The French explored eastern Canada in the early 1500s, trapping beaver, ermine, and mink for the aristocracy back home. Quebec was founded as a trapping and trading center, and fed a boom in pelts for beaver hats. By the early 1600s, the English joined in, developing the trade along the Atlantic coast. 

As the market for pelts, fur and felt grew insatiable during the 17th and 18th centuries, the two rival nations butted heads west of the Allegheny Mountains; one cause of the French and Indian War. As a result, the victorious English claimed almost all French holdings in the new world.

In 1764, a party of New Orleanians led by Pierre Laclede journeyed up the Mississippi River. They were set on exploiting access to fur trading with the Osage nation west along the Missouri River. Along with his 14 year old ward, Auguste Chouteau, they founded what is now St. Louis.

The fur trade sets up shop in St. Louis

When Laclede died, Chouteau took over the trading operation, and widely expanded it. By 1794, he had monopolized the fur trade with the Osage. When he died in 1829, Chouteau was easily the wealthiest man in St. Louis. 

Following the sale of the Louisiana territory from France to the young United States in 1803, Thomas Jefferson assigned Lewis and Clark to explore and survey the new acquisition. 

They were partially funded by Manuel Lisa, a wealthy fur trader in St. Louis, in return for logging the most attractive sites for trapping as they went. This was Lisa’s best hope of competing with Chouteau by, in effect, leap-frogging him. 

On the evening of Lewis and Clark’s return to St Louis in 1806, they shared a sumptuous meal and more than a couple drinks with Lisa, who gleaned as much fresh detail as he could. Wasting no time, he outfitted an expedition that set off less than a year later, to trap in the new lands. He also created the Missouri Fur Company with Chouteau’s son Pierre, William Clark, Pierre Menard and others.

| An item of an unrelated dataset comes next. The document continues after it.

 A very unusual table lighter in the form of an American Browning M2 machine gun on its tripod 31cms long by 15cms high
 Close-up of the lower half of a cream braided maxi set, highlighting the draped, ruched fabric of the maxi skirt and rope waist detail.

Above is a 1930s photo of the original Old Rock House, built by Manuel Lisa  in 1818. It was a Missouri Fur Company warehouse, and along with the Old Cathedral, one of only two structures around the riverfront to have survived the great fire of 1849. Demolished for the Gateway Arch project in 1959, its facade was recently reassembled in the Arch museum. 

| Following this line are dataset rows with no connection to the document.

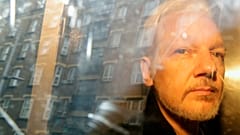 FILE - In this Wednesday May 1, 2019 file photo buildings are reflected in the window as WikiLeaks founder Julian Assange is taken from court in London.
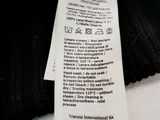 a label on the back of a black jacket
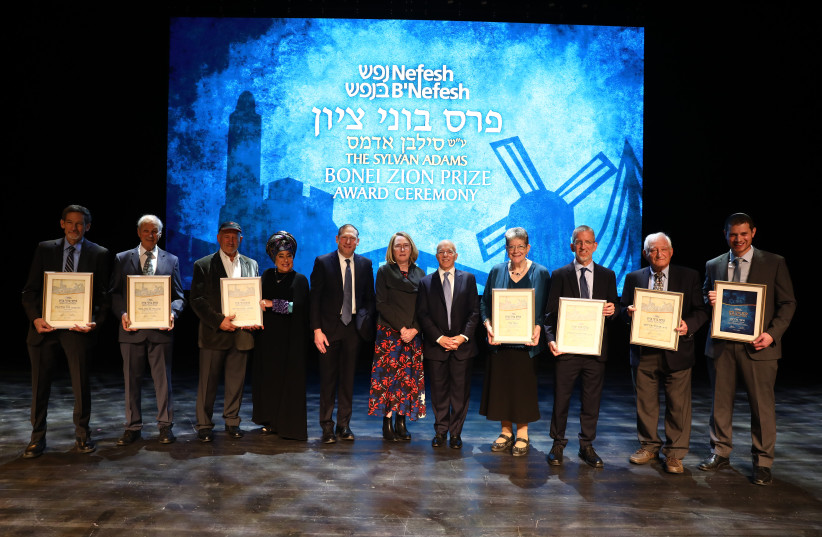  Sylvan Adams Nefesh B'Nefesh Bonei Zion award winners, with NBN co-founders Tony Gelbart and Rabbi Yehoshua Fass and Margaret Adams. (credit: YONIT SCHILLER)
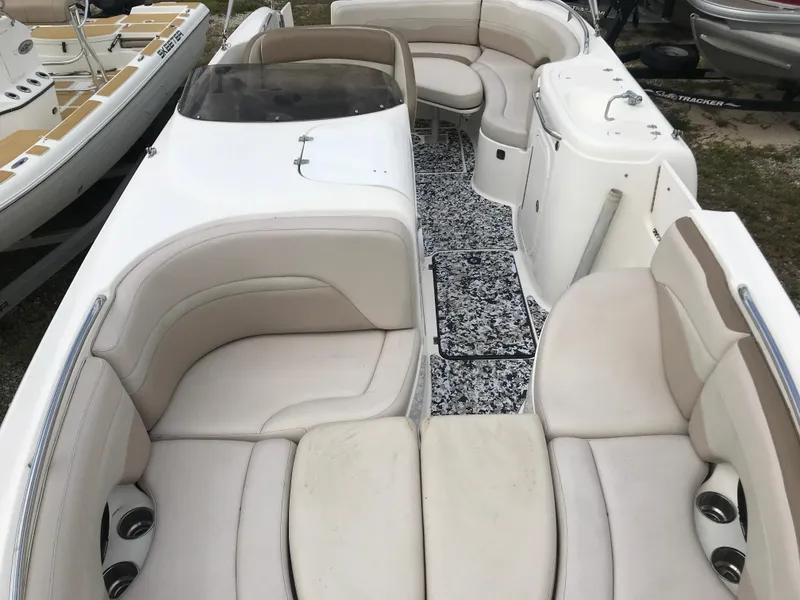 Slide: The Image of 2005 Chaparral Sunesta 252 boat interior with beige seating and patterned flooring. - 37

An era of exploration, trapping, and trading constituted the earliest development of the West, leading to conflicts with indigenous tribes and foreign interests on the Pacific coast. The rivers were the roads in those days, and the beaver inhabited the rivers. 

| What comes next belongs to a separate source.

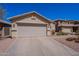 Single-story home featuring desert landscaping and a spacious driveway at 2714 E Valencia Dr, Phoenix, AZ 85042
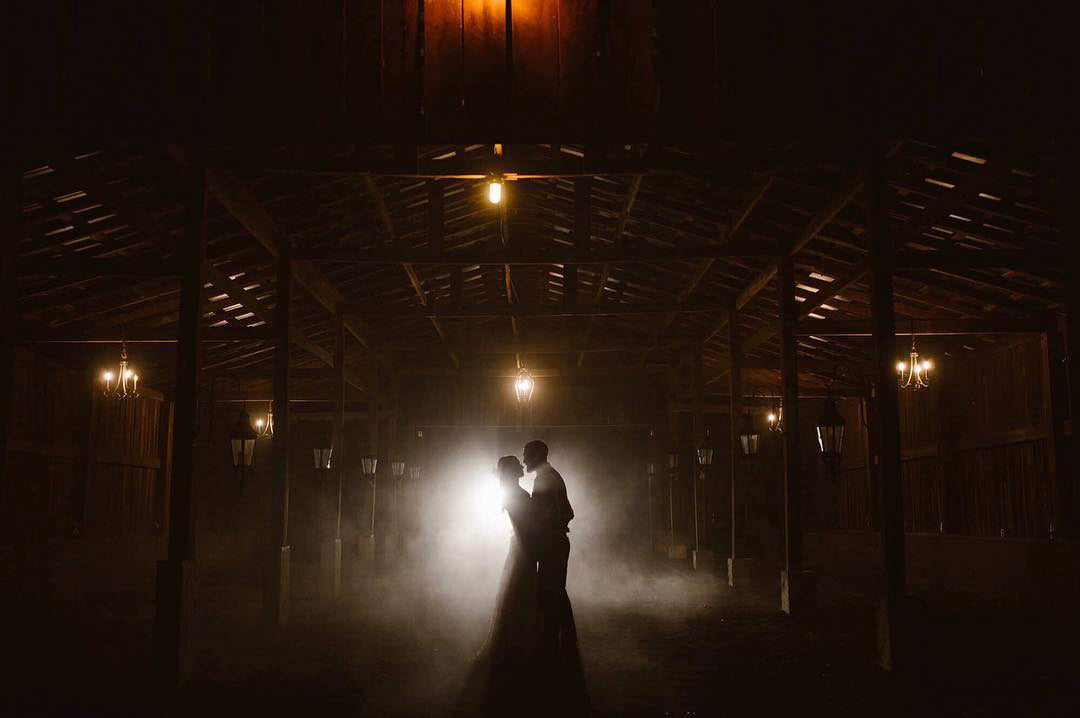 a couple standing in a dimly lit area with a light shining brightly behind them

After every stream was explored and beaver by the tens of millions had been trapped, skinned and shipped east, the supply became exhausted. Luckily for the beaver, fashion was also changing, as silk became seen as a more refined choice for top hats. By 1870, more beaver was used in perfume production than in providing felt for hats. 

A brief word about the madness of hatters

The process of making felt from a pelt is called carroting; from the interaction of chemicals that turns the pelt orange. Fur is degraded to felt, which is then matted and molded into a hat. A hatter was an artisan who could turn felt into durable and attractive headwear. The expression “mad as a hatter” also has some truth in it. 

Lewis Carroll popularized the Mad Hatter in his 1865 fantasy, Alice’s  Adventures in Wonderland, but the term “mad as a hatter” preceded the book by a good 35 years. Though unrealized at the time, the use of mercury nitrate in felt production caused mercury fumes to be inhaled, moving through lungs to bloodstream to brain, where it lodged and accumulated over time.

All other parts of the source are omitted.